Outlier detection (OD), also known as anomaly detection, is a critical machine learning (ML) task with applications in fraud detection, network intrusion detection, clickstream analysis, recommendation systems, and social network moderation. Among open-source libraries for outlier detection, the Python Outlier Detection (PyOD) library is the most widely adopted, with over 8,500 GitHub stars, 25 million downloads, and diverse industry usage. However, PyOD currently faces three limitations: (1) insufficient coverage of modern deep learning algorithms, (2) fragmented implementations across PyTorch and TensorFlow, and (3) no automated model selection, making it hard for non-experts. To address these issues, we present PyOD Version 2 (PyOD 2), which integrates 12 state-of-the-art deep learning models into a unified PyTorch framework and introduces a large language model (LLM)-based pipeline for automated OD model selection. These improvements simplify OD workflows, provide access to 45 algorithms, and deliver robust performance on various datasets. In this paper, we demonstrate how PyOD 2 streamlines the deployment and automation of OD models and sets a new standard in both research and industry. PyOD 2 is accessible at [https://github.com/yzhao062/pyod](https://github.com/yzhao062/pyod). This study aligns with the Web Mining and Content Analysis track, addressing topics such as the robustness of Web mining methods and the quality of algorithmically-generated Web data.

NLP-ADBench: NLP Anomaly Detection Benchmark

Anomaly detection (AD) is a critical machine learning task with diverse applications in web systems, including fraud detection, content moderation, and user behavior analysis. Despite its significance, AD in natural language processing (NLP) remains underexplored, limiting advancements in detecting anomalies in text data such as harmful content, phishing attempts, or spam reviews. In this paper, we introduce NLP-ADBench, the most comprehensive benchmark for NLP anomaly detection (NLP-AD), comprising eight curated datasets and evaluations of nineteen state-of-the-art algorithms. These include three end-to-end methods and sixteen two-step algorithms that apply traditional anomaly detection techniques to language embeddings generated by bert-base-uncased and OpenAI's text-embedding-3-large models. Our results reveal critical insights and future directions for NLP-AD. Notably, no single model excels across all datasets, highlighting the need for automated model selection.

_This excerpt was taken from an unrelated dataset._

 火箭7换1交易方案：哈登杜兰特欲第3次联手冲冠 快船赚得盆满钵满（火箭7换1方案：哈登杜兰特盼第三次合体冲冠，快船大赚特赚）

Moreover, two-step methods leveraging transformer-based embeddings consistently outperform specialized end-to-end approaches, with OpenAI embeddings demonstrating superior performance over BERT embeddings. By releasing NLP-ADBench at https://github.com/USC-FORTIS/NLP-ADBench, we provide a standardized framework for evaluating NLP-AD methods, fostering the development of innovative approaches. This work fills a crucial gap in the field and establishes a foundation for advancing NLP anomaly detection, particularly in the context of improving the safety and reliability of web-based systems.